The core of Ferraro's message: "Reverse racism exists! Black people are picking on white people!" – conveyed through a voice of power – a voice of power strongly associated with the word "Democrat" – will, I believe, resonate into the years to come, and will infiltrate the cultural consciousness as some kind of perversely validated viewpoint, and it will impact the daily lives of people of color who are already fighting a mountain of racism . . . . unless . . .

. . . unless it is rejected unequivocally, immediately, and vigorously by all people who identify themselves as Liberal, Democrat, and/or Progressive.
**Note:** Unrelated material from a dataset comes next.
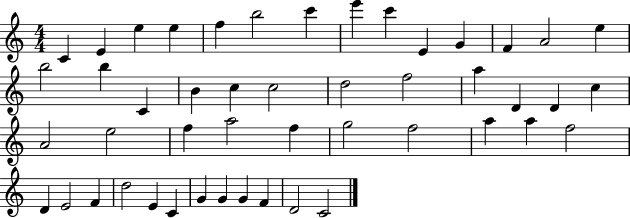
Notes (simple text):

C4/q E4/q E5/q E5/q F5/q B5/h C6/q E6/q C6/q E4/q G4/q F4/q A4/h E5/q B5/h B5/q C4/q B4/q C5/q C5/h D5/h F5/h A5/q D4/q D4/q C5/q A4/h E5/h F5/q A5/h F5/q G5/h F5/h A5/q A5/q F5/h D4/q E4/h F4/q D5/h E4/q C4/q G4/q G4/q G4/q F4/q D4/h C4/h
This is the slippery slope that I worried about from the beginning -- when Obama chose to "keep an open ear" to someone like Donnie McClurkin, when Cuomo "shucked and jived" while keeping an unmelted butter-cube in his mouth and claimed it was all about Teh Boxing, when Jackson managed a stunning double-whammy gender/race-bait with "her appearance brought her to tears, but not Hurricane Katrina", when Bill Clinton figuratively patted Obama's head with words like "kid" and "fairy-tale", and Obama figuratively patted Hillary's fanny with a phrase like "periodically feeling down".
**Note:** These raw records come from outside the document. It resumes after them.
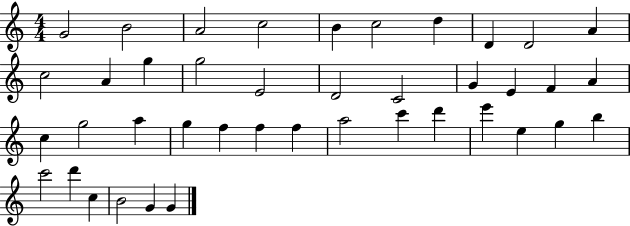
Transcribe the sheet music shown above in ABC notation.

X:1
T:Untitled
M:4/4
L:1/4
K:C
G2 B2 A2 c2 B c2 d D D2 A c2 A g g2 E2 D2 C2 G E F A c g2 a g f f f a2 c' d' e' e g b c'2 d' c B2 G G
However "subtle" these tactics are supposed to be -- or (stretching my imagination to to the extreme outer edges of the known Universe, and then out to the edges of any directly-adjacent Universes) however "unintentional" they were – they are all precedents -- precedents set by powerful people who are considered, by and large, to represent some part of the liberal end of the political spectrum – and they are, in my opinion, awful, horrible, no-good, very-bad treacherous precedents to set.

Actions and words from those in power which say: "It's OK to discount someone else based on their sex or race, as long as you don't really get caught -- and it gets you elected!" can too easily be translated to: "It's OK to fire someone based on their sex or race, as long as you don't really get caught -- and it helps your bottom line!"

And has anyone else noticed that the eroding slope of "liberal ethics" seems to be getting slipperier, and slimier, by the day?

If you don't buy my "Precedents of the Powerful" theory, try thinking back eight years.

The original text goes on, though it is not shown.